PROBLEM DETAILS: The required output is every line from the one containing "AEG-ELECTROLUX ERL6296XX - Removing" through the last line of the listing below, copied exactly, pictures excluded.

★ ★ ★ ★

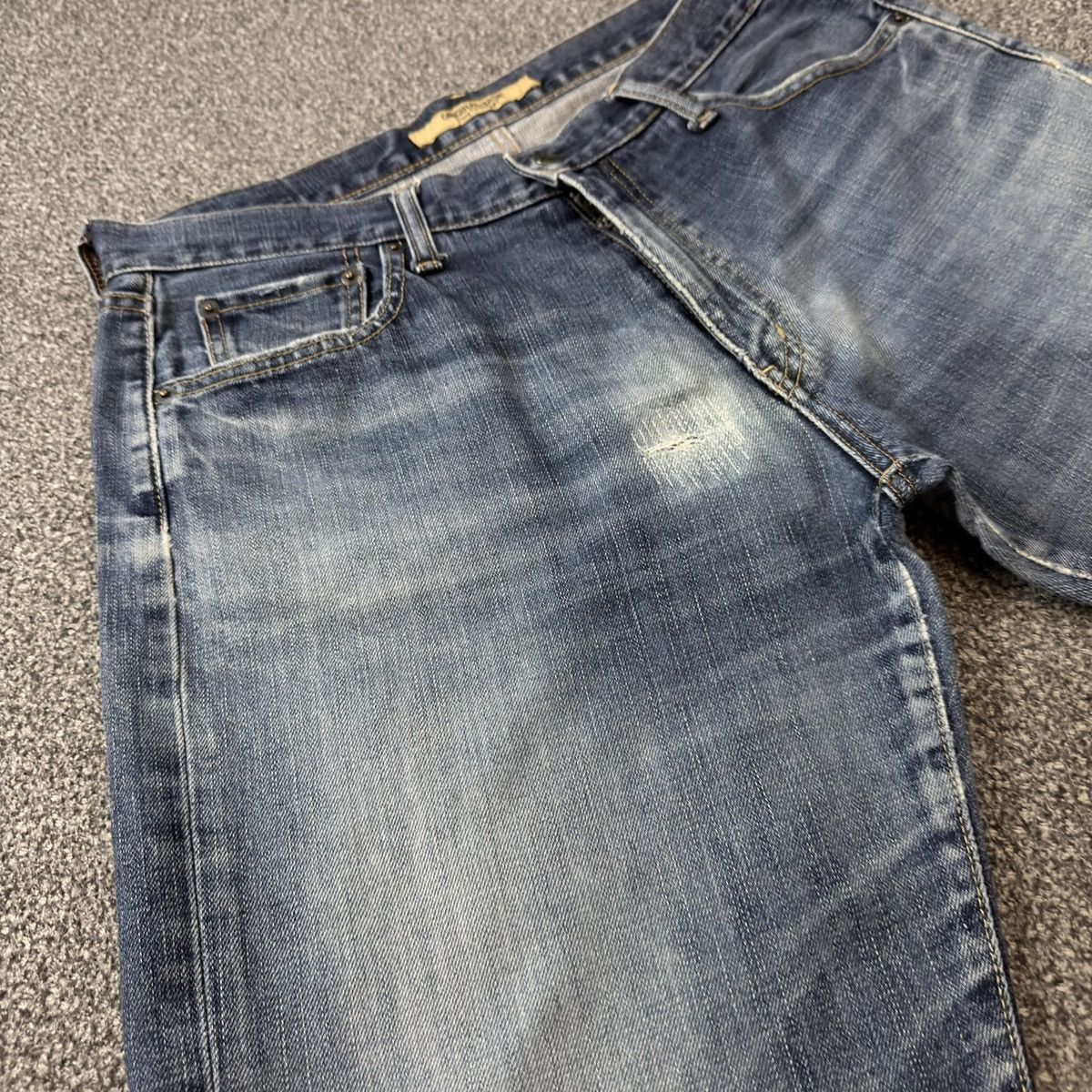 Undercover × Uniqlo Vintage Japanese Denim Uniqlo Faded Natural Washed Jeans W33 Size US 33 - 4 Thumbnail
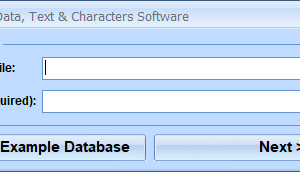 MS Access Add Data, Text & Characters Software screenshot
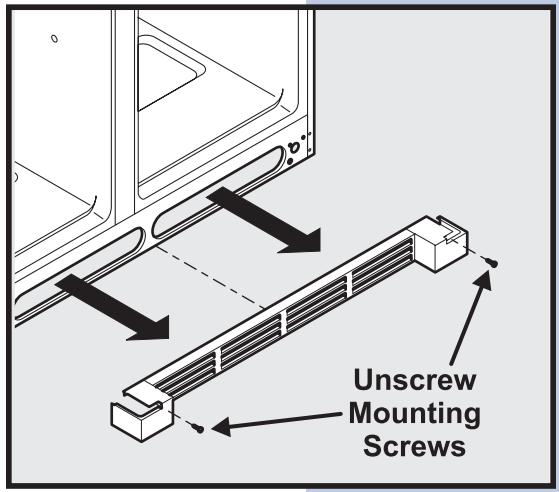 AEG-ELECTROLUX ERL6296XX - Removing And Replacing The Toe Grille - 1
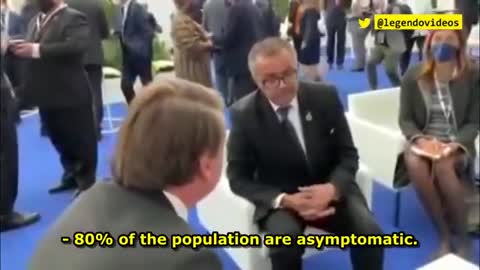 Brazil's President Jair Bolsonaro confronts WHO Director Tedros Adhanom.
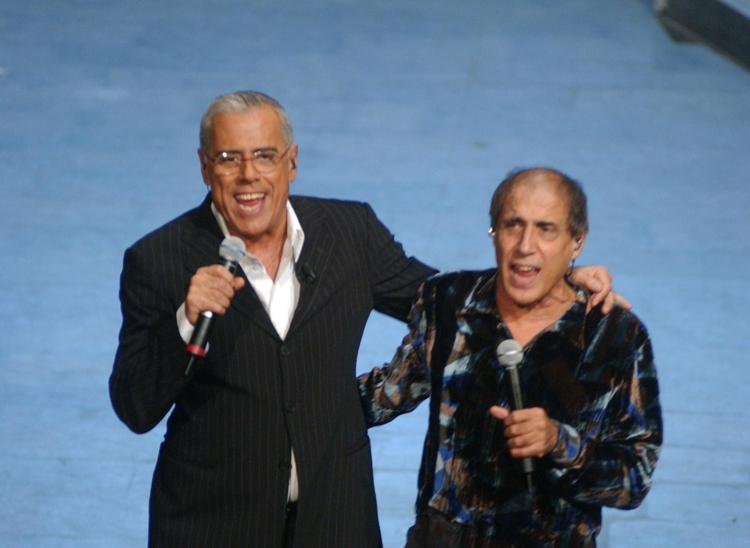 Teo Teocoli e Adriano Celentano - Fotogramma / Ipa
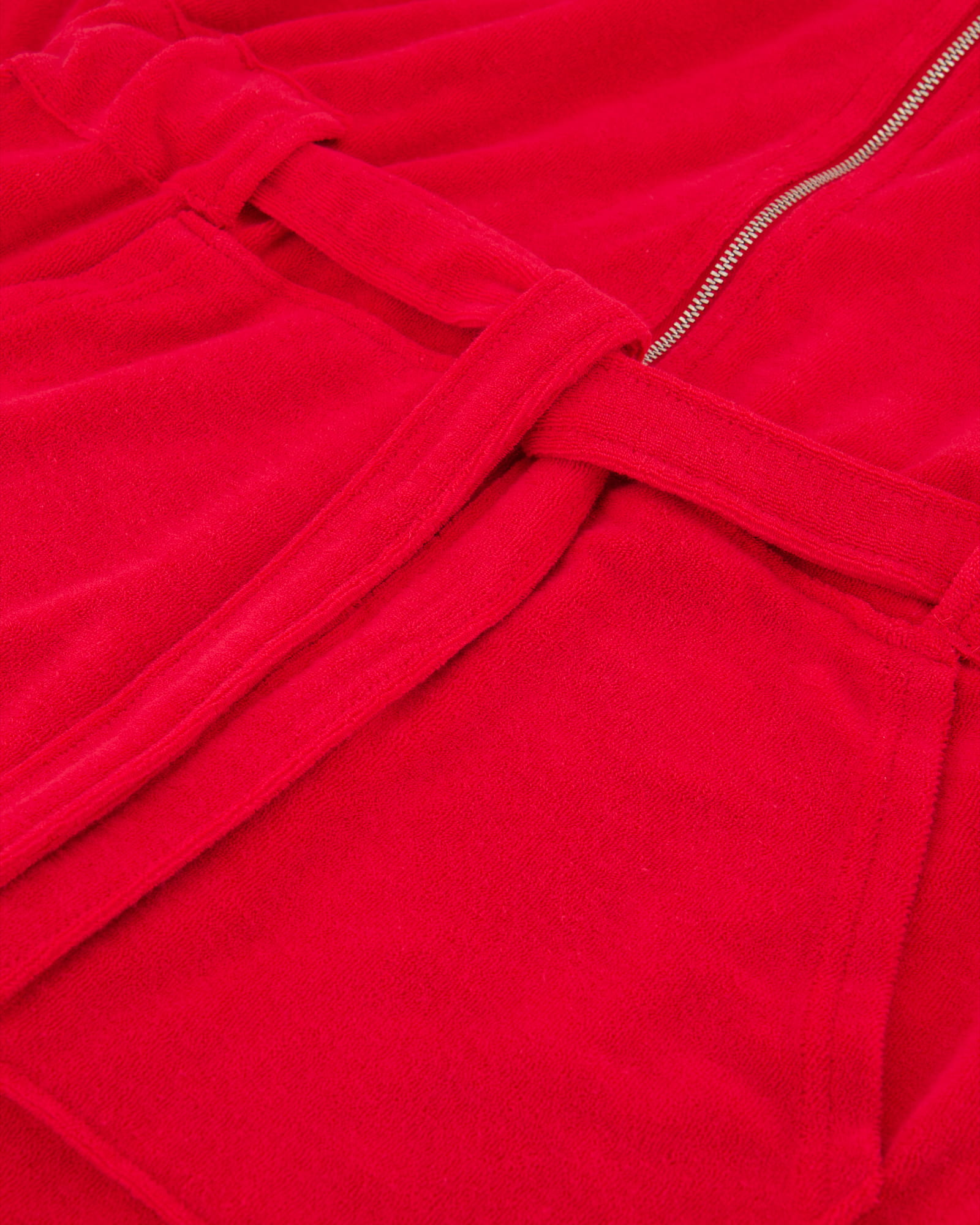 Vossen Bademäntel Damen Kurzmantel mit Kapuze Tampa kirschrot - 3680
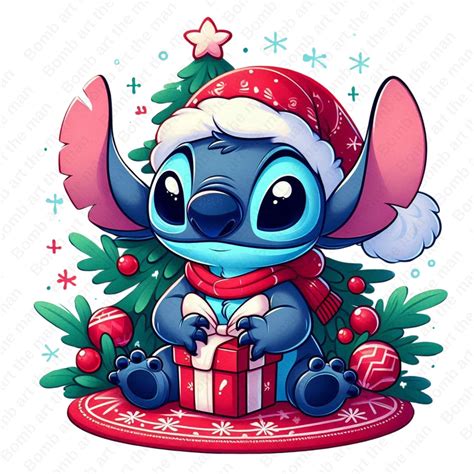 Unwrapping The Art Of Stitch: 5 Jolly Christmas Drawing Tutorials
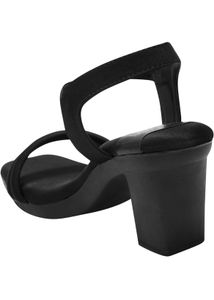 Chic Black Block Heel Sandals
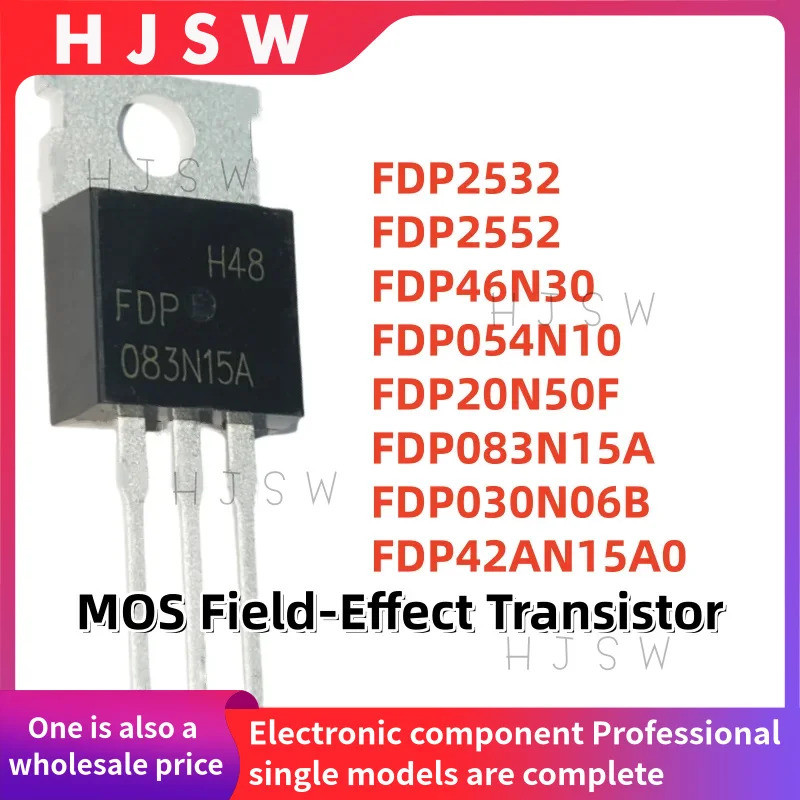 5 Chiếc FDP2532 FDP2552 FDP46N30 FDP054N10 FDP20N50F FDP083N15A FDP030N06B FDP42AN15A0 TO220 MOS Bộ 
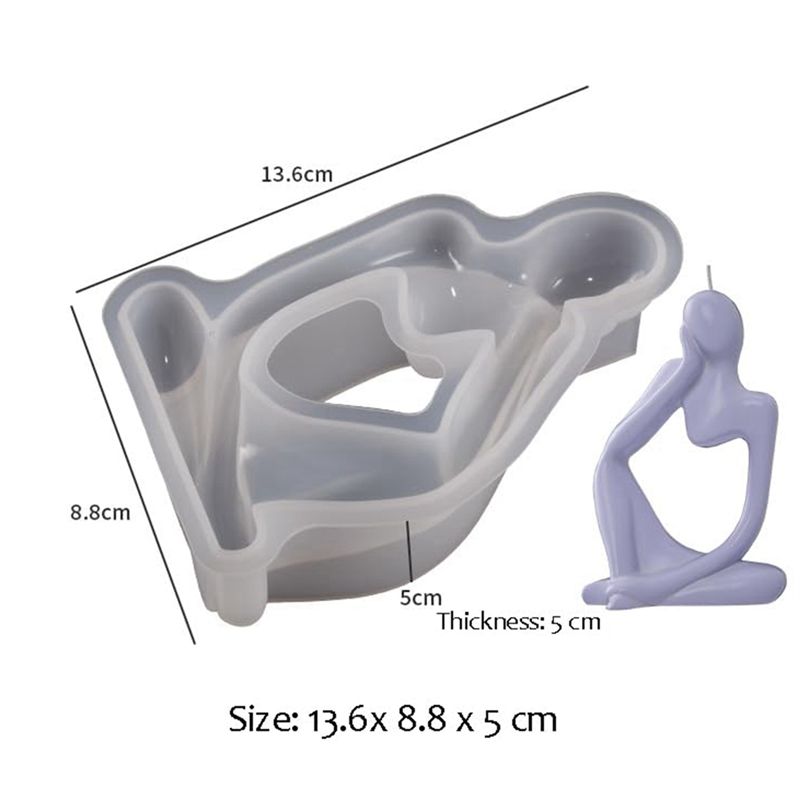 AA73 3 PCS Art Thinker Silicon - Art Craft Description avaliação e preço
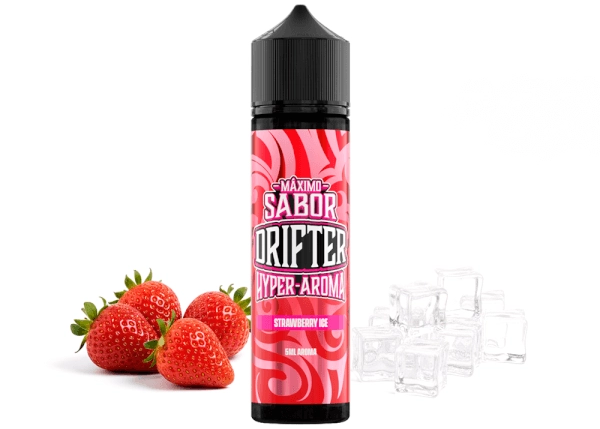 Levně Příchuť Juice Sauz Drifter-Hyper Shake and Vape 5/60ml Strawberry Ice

★ ★ ★ ★

RESPONSE TO THIS TASK:
 AEG-ELECTROLUX ERL6296XX - Removing And Replacing The Toe Grille - 1
 Brazil's President Jair Bolsonaro confronts WHO Director Tedros Adhanom.
 Teo Teocoli e Adriano Celentano - Fotogramma / Ipa
 Vossen Bademäntel Damen Kurzmantel mit Kapuze Tampa kirschrot - 3680
 Unwrapping The Art Of Stitch: 5 Jolly Christmas Drawing Tutorials
 Chic Black Block Heel Sandals
 5 Chiếc FDP2532 FDP2552 FDP46N30 FDP054N10 FDP20N50F FDP083N15A FDP030N06B FDP42AN15A0 TO220 MOS Bộ 
 AA73 3 PCS Art Thinker Silicon - Art Craft Description avaliação e preço
 Levně Příchuť Juice Sauz Drifter-Hyper Shake and Vape 5/60ml Strawberry Ice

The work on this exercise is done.